*TASK INSTRUCTIONS:* Below this line is a listing that includes pictures. Copy exactly, and only, the lines from the one containing "Vente maison Saint-Vincent-de-Tyrosse" through the one containing "Clarion Hotel & Conference Centre Abbotsford"; the pictures do not go in the copy.

*SUPPLIED INFORMATION:*
##############################
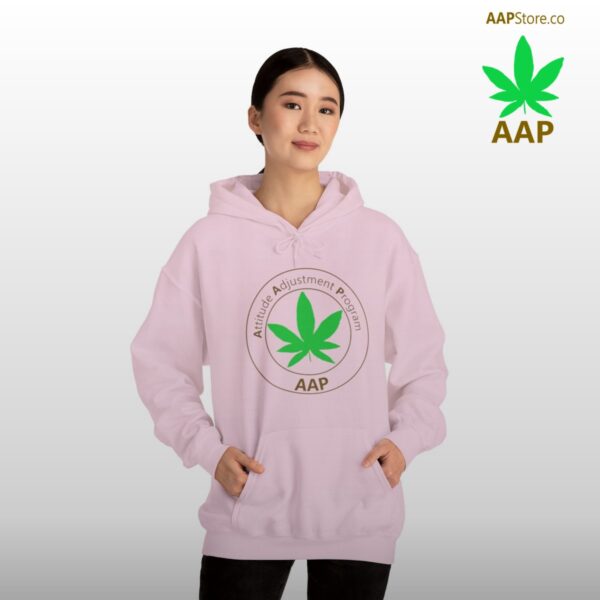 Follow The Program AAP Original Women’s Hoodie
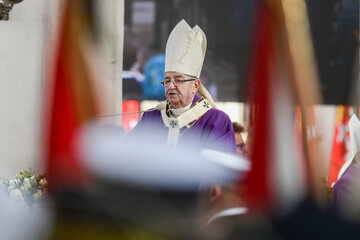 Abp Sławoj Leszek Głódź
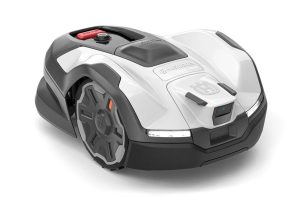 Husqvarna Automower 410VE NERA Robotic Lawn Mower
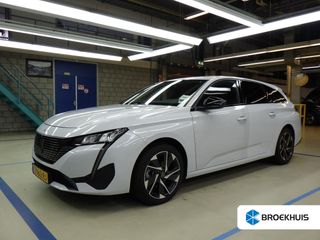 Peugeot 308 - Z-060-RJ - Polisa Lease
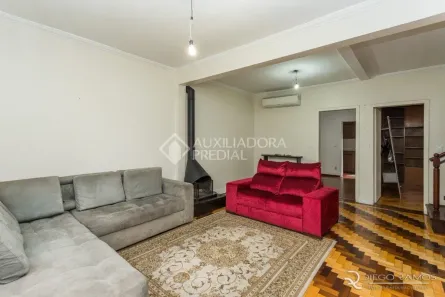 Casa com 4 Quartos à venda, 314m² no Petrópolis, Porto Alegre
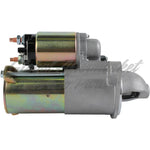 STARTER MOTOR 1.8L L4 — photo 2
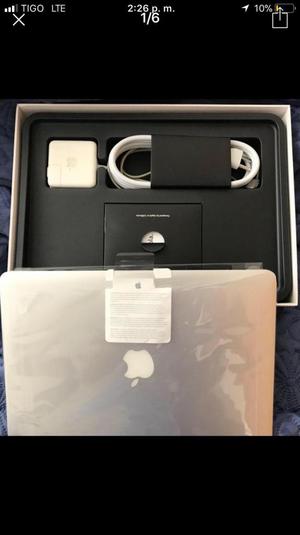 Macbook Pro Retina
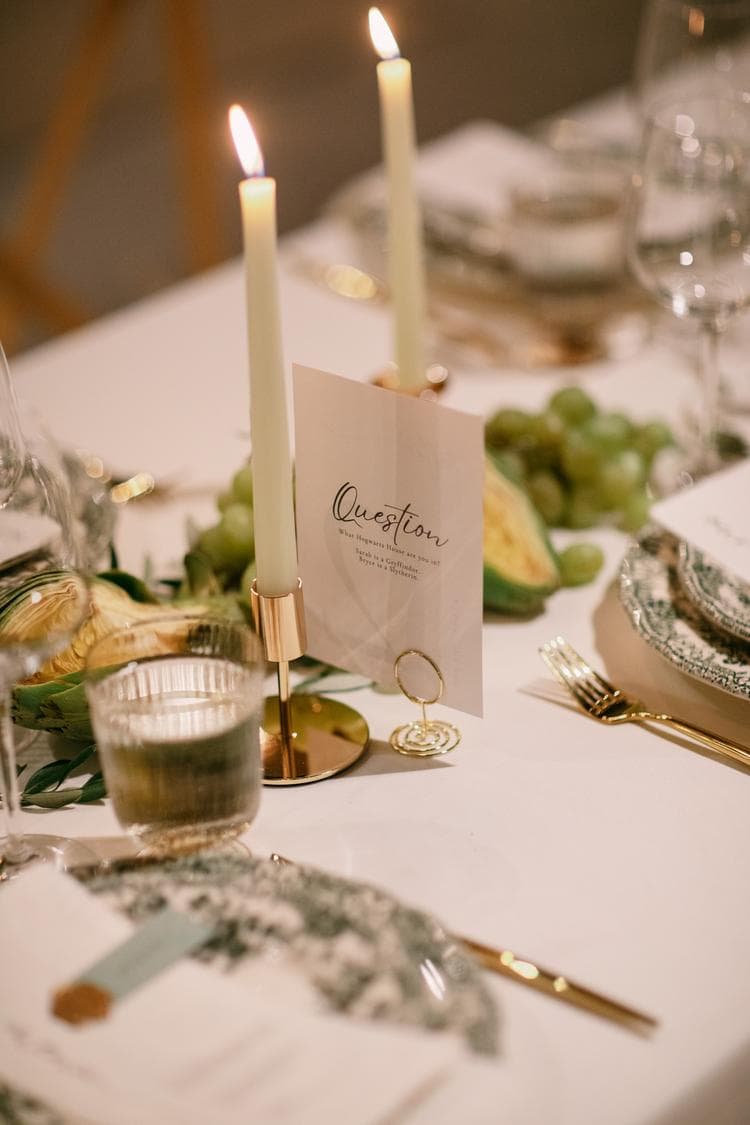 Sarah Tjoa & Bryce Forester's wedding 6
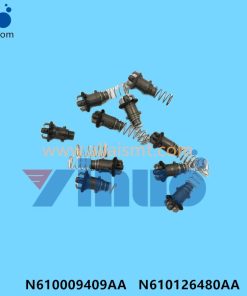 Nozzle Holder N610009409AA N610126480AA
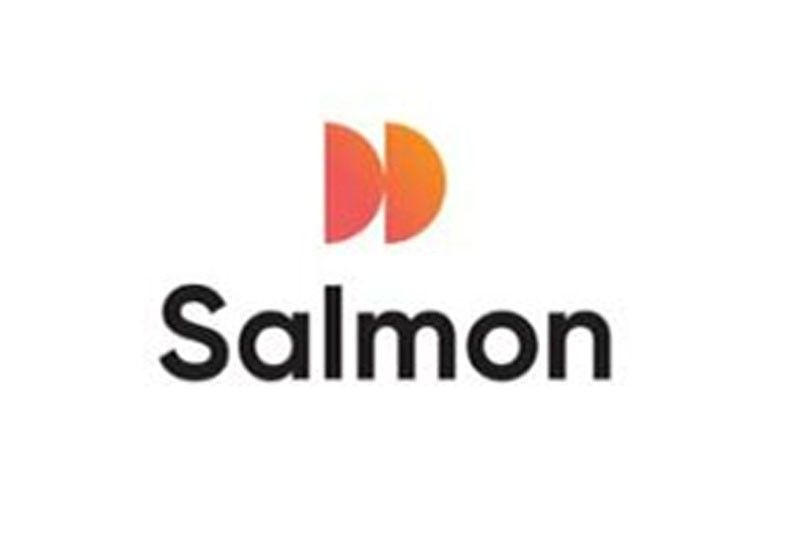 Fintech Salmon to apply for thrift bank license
##############################
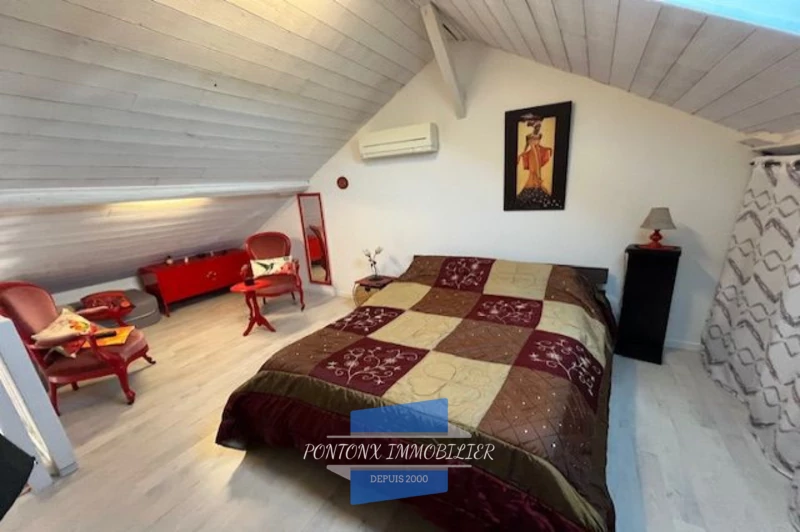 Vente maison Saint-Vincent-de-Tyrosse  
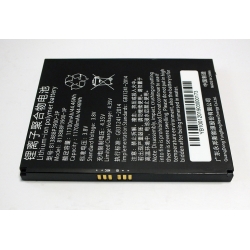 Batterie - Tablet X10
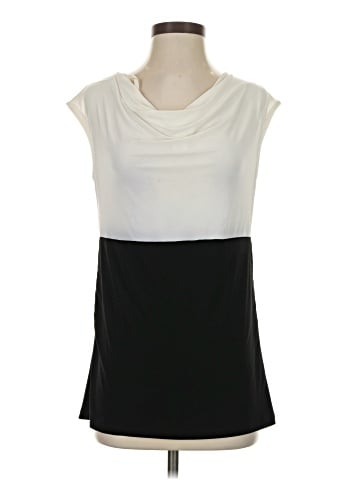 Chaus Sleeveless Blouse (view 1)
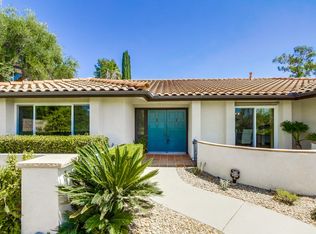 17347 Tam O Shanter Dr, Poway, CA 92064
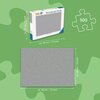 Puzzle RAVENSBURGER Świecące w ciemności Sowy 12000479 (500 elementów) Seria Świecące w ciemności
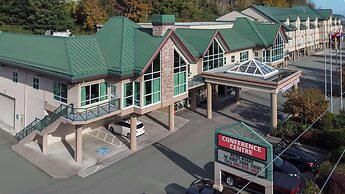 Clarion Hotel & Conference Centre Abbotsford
##############################
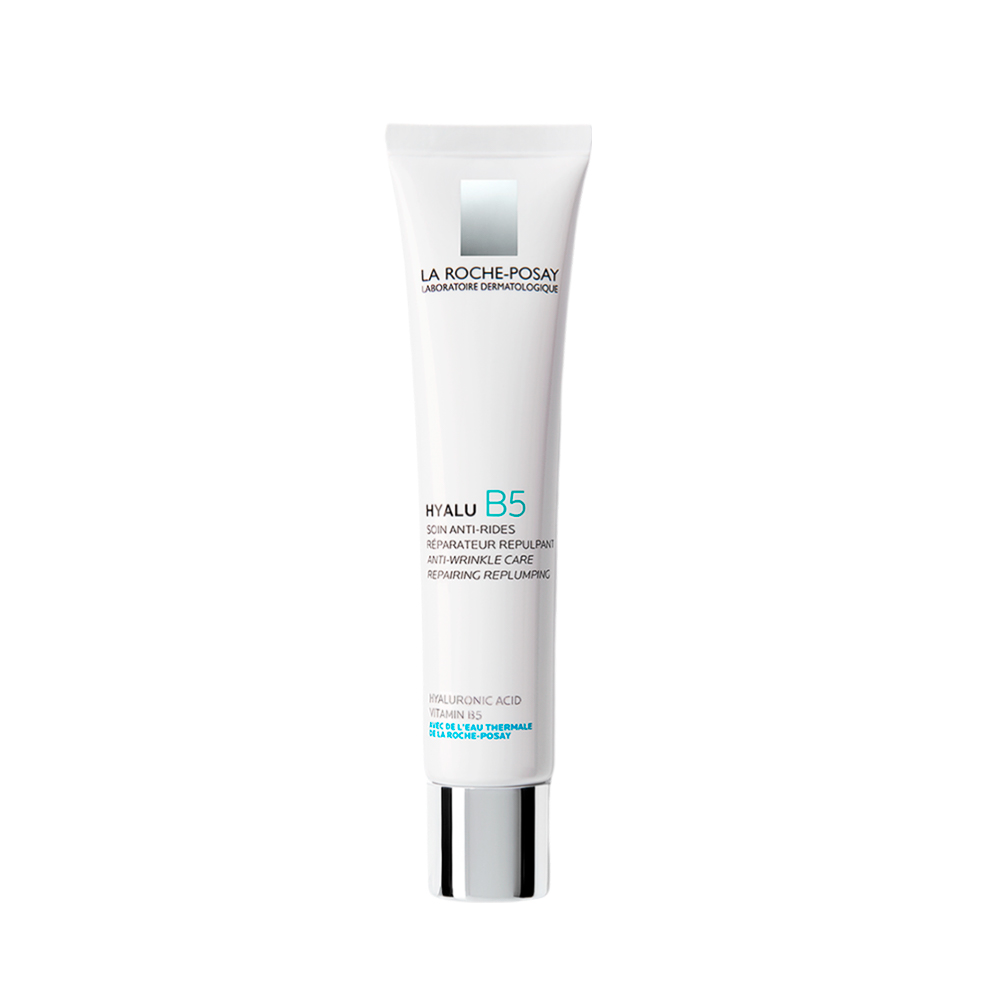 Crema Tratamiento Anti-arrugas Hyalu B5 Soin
##############################
*ANSWER SECTION:*
 Vente maison Saint-Vincent-de-Tyrosse  
 Batterie - Tablet X10
 Chaus Sleeveless Blouse (view 1)
 17347 Tam O Shanter Dr, Poway, CA 92064
 Puzzle RAVENSBURGER Świecące w ciemności Sowy 12000479 (500 elementów) Seria Świecące w ciemności
 Clarion Hotel & Conference Centre Abbotsford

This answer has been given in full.